6月の株式投信は3カ月連続の純資金流入、運用も4カ月ぶりに改善―6月の投信概況

 投資信託協会は7月12日、6月の投信概況を発表した。6月の単位型を含む株式投信の資金増減(設定から解約・償還を差し引いた増減)は4192億円増加し、3カ月連続の純資金流入となった。また、運用も4カ月ぶりに改善し、7712億円増加した。この結果、純資産総額も4カ月ぶりの増加に転じ、前月比1兆1904億円増の47兆8613億円となった。純資金流出入額、運用益がともにプラスとなるのは2011年3月以来のこと。

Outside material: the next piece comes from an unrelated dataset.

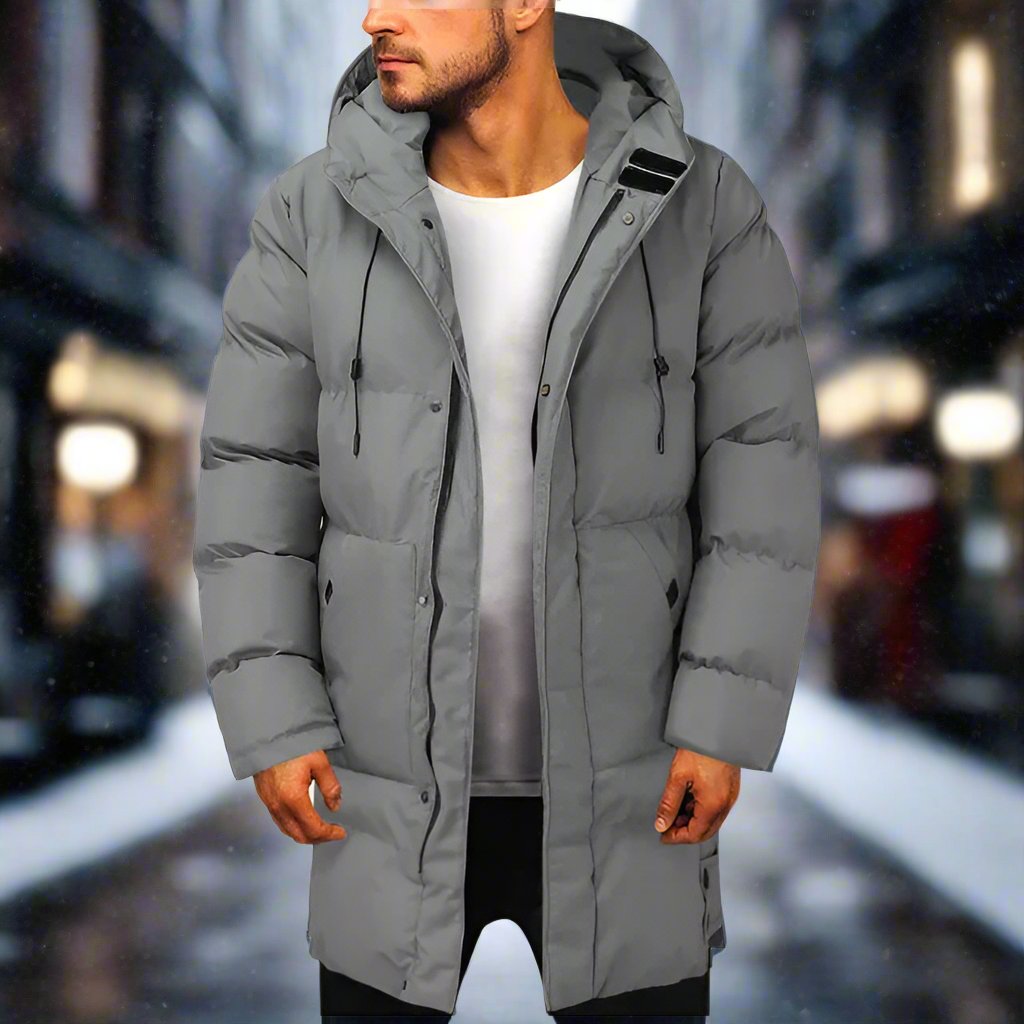 Grant – Men’s Winter Parka Coat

 6月は、米国など世界景気の減速に対する警戒感が一段と強まったほか、スペインの銀行問題など懸念材料もあったものの、ギリシャ再選挙での緊縮派が過半数を確保したことや、EU(欧州連合)会議で域内銀行への直接支援などが合意に至ったことが市場環境の支えとなった。外国為替市場で円安基調となったことも、外貨建て資産に投資する多くのファンドの運用には追い風だった。

 ここ数カ月間の純資金流入の継続傾向について、投信協会では投資家心理に左右される側面が大きく、欧州問題も解決には至っていないため、先行き透明感は残ると指摘。ただ、「2011年10月から2012年3月までの6カ月連続の資金純減は、窓販解禁から純資金流入傾向が続いた流れからはやや例外的」(投信協会・乾文男副会長)とみており、市場環境の改善に合わせて本来の基調に戻ることに期待したいとしている。

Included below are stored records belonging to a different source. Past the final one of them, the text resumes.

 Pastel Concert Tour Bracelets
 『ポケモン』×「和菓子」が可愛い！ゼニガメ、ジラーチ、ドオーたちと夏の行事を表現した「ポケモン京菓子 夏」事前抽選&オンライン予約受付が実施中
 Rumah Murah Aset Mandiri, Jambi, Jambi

 追加型株式投信の商品分類別の資金増減では、ETF(上場投資信託)を中心としたインデックス型や、ファンドオブファンズが資金を集めた。投信協会ではETFの増加について、日銀の資産買い入れによる需給引き締まりなどを見込み、金融機関による設定が増した可能性があるとしている。一方、バランス型や、国際株式型などが資金純流出となった。運用はすべての商品分類でプラスとなっている。

 なお、公社債投信を含む総合計では、資金が4カ月連続で増加し、運用は4カ月ぶりにプラスとなった。純資産総額は4カ月ぶりに増加し、前月比1兆350億円増の58兆3573億円だった。総合計で純資金流出入額、運用益がともにプラスとなったのは、2012年1月以来となる。